New Sensor Tracks Tumors in Real Time

New Sensor Tracks Tumors in Real Time

Medicine has made huge progress in the fight against cancer. In the past three decades, the average person’s risk of dying from cancer in the United States has decreased by 32%, thanks to factors like earlier detection and advances in drug treatment. 

Still, while increasing survival rates are encouraging, cancer remains prevalent. According to the American Cancer Society, cancer is the second most common cause of death in the U.S., after heart disease. And scientists continue to look for ways to turn the tide against cancer.

Now those doctors and researchers have gained access to a new tool with the power to offer better insights into how tumors respond to treatments. 

That tool is a first-of-its-kind wearable device that can tell in real time how much a tumor is growing or shrinking, sending those results wirelessly to a smartphone for analysis. The device has been proven and is already being used in animal studies. 

“Our technology is the first bioelectronic device to monitor tumor regression, and the first technology to monitor tumors in real time,” says Alex Abramson, PhD, assistant professor in the chemical and biomolecular engineering department at Georgia Tech and a co-author of a new study of the device.

The sensor uses technology similar to other flexible skin-like wearable devices capable of capturing biometric data, including through sweat. But what makes this sensor unique is the chemical element enabling it to detect those tumor changes: gold. 

Gold is a useful material because it is flexible and conductive. In the new monitors, a gold-infused sensor is stuck to the skin around the tumor to be measured. If the tumor grows, the gold coating cracks and becomes less conductive. As the tumor shrinks, those fissures close and the material becomes more conductive.

“We measure these changes in conductivity, and we translate this into measurements of changes in tumor volume,” Abramson says.

Currently, the most used methods for measuring tumor size are calipers or bioluminescence imaging (BLI). These measurements are useful and accurate, but are typically performed every few days or weeks. The new sensor captures updates every five minutes — and can also detect extremely small changes that calipers and BLI can’t.

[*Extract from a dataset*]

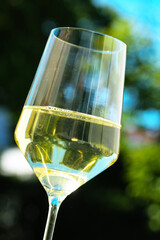 glas of white wine on golden tablet, in the garden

“Our sensor will allow us to better understand the short-term effects of drugs on tumors and allow scientists and healthcare professionals a more streamlined method to screen drugs that could become therapies in the future,” Abramson says. 

The sensors are already available for use in animal studies, though it will take several years before they’re made for human use. And they cost less than you might imagine for something containing gold. “The sensor can be made by a researcher for less than $60,” Abramson adds. 


Alex Abramson, PhD, assistant professor in the chemical and biomolecular engineering department at Georgia Tech

Science Advances (2022). A flexible electronic strain sensor for the real-time monitoring of tumor regression.